Communications Council becomes Advertising Council Australia
The Communications Council, an Australian advertising industry body, has relaunched as the Advertising Council Australia (ACA). The new name marks more than a rebrand, with reports of a change in strategy that will include several projects launched over 2020-21 to help the industry recover from the impact of COVID-19.
Notable initiatives planned by the ACA to augment industry standards include reinstalling accreditation for members of the body, a “Reconciliation Action Plan” designed to bring greater Aboriginal and Torres Strait Islander representation to the industry, more research into the effectiveness of advertising, a labour agreement to protect the industry against key skill shortages, and new awards.

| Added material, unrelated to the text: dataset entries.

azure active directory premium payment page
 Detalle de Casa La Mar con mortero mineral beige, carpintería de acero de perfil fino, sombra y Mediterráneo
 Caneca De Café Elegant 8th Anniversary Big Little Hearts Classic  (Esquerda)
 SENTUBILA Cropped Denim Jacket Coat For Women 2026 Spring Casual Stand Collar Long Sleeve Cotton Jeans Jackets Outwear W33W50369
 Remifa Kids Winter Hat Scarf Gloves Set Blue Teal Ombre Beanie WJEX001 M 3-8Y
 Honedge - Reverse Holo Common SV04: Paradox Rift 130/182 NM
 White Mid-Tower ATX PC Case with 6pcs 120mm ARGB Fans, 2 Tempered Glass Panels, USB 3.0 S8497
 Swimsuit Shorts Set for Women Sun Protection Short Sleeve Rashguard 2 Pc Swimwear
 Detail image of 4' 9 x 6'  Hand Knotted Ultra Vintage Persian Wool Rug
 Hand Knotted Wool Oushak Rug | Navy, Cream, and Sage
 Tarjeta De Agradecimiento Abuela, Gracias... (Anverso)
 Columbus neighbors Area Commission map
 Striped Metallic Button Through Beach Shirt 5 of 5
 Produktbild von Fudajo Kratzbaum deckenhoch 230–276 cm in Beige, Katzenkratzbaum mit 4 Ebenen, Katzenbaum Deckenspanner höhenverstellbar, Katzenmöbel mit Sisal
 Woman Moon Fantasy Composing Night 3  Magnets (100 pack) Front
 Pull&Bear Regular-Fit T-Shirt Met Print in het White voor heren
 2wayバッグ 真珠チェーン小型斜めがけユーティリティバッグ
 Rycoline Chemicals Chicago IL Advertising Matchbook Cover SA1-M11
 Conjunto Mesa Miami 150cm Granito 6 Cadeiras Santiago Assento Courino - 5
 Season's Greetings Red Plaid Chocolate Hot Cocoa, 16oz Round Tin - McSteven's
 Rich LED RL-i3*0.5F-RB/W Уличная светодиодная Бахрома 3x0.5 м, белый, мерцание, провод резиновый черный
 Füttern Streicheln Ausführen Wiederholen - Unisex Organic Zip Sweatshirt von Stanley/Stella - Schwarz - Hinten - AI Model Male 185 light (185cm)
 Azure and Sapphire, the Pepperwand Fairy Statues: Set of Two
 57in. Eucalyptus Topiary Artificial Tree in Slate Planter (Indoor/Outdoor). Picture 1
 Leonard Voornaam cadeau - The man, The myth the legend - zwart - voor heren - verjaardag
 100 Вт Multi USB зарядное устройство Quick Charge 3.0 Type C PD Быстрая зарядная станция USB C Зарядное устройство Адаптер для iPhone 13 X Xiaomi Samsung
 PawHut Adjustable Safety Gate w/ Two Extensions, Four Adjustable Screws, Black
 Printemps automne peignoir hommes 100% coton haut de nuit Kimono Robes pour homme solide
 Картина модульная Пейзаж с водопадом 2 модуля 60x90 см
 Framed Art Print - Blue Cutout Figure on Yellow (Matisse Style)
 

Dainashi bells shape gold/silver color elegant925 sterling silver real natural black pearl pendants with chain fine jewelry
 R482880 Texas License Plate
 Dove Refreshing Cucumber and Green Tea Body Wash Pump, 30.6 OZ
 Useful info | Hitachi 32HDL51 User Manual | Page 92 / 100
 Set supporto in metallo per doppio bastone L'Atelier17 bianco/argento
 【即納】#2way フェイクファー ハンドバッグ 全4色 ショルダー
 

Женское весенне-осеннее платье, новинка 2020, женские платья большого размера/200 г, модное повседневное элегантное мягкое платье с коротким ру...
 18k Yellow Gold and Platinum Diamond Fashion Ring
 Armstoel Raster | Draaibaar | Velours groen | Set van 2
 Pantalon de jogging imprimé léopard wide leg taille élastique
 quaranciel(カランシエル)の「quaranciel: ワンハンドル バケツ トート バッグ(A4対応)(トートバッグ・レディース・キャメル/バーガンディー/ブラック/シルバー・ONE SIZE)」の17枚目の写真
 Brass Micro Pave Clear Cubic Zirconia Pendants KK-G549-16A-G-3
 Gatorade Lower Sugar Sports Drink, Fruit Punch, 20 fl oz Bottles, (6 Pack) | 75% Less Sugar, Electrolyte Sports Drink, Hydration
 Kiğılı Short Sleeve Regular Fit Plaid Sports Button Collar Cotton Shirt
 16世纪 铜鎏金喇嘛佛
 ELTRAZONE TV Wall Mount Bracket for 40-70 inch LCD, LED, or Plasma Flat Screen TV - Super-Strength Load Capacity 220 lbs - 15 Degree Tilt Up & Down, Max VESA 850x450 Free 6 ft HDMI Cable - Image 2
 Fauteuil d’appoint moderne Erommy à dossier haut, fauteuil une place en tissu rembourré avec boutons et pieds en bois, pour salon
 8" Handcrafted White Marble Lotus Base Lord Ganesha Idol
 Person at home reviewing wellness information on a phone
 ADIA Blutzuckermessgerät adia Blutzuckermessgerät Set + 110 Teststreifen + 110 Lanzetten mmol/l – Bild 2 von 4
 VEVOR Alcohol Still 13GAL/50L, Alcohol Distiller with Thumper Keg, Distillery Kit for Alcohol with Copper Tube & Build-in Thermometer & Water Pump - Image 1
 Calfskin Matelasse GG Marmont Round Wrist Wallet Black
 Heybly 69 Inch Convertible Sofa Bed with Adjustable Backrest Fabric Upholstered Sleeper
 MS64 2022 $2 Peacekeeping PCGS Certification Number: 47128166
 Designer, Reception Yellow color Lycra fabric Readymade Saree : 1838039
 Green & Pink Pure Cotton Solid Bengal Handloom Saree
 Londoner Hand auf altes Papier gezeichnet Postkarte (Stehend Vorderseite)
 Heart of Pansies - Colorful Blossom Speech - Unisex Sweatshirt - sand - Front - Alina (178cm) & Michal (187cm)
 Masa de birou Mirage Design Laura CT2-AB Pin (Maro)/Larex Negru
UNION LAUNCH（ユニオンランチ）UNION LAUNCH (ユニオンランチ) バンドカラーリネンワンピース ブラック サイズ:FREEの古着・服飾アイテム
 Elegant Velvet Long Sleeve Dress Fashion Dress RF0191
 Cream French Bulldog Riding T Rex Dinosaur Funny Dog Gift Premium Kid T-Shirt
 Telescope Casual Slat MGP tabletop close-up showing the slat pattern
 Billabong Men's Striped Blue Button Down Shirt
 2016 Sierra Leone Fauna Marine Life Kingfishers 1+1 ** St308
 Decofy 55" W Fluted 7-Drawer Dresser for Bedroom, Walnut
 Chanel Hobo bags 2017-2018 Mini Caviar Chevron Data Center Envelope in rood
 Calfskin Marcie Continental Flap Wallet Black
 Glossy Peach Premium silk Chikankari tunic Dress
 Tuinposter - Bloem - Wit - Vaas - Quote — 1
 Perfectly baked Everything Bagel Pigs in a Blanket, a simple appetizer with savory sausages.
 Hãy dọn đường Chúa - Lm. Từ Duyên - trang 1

According to ACA chair Mark Green, who also serves as CEO of The Monkeys, the reformed body aspires to spark a new dawn for an industry that has suffered significantly under the global health crisis, and to reiterate the value of advertising. Green states that the ACA’s “initiatives will help shape a new era for the Australian advertising industry and strengthen the value of our profession to the wider business community during a period in our history when this has never been more important”.
Google launches job-listing app Kormo in India
Search giant Google has announced that it has launched its jobs app Kormo in India. The app, which specialises in entry-level jobs, saw its first outing in Bangladesh in 2018, with the US tech firm expanding the operation to Indonesia in 2019. Kormo’s services have been available in the second-largest smartphone market as a Spot on the Google Pay app since last year, where it was branded under the name “Jobs”. However, it is now available as an individual app.
According to Google, more than 2 million verified job listings were published to the Kormo platform during its time as part of Google Pay. Now a standalone app, Kormo aims to help those navigating the jobs market against the backdrop of COVID-19, according to the app’s regional manager and operations lead, Bickey Russell. “In the wake of the pandemic, the jobs landscape stands altered, with demand shifting to new services that require different sets of skills and experience. Businesses of all sizes face the challenges of the new normal, while job seekers are having to adapt to this shift quickly,” he wrote in a blog post.
Coming quickly off the back of Google’s launch of “people cards” in India, the move compounds the tech juggernaut’s efforts to claim a stake in digital jobs search, and to push market-leader LinkedIn out. However, with Google currently under fire for anticompetitive behaviour, it remains to be seen whether these ambitions will go on to be realised.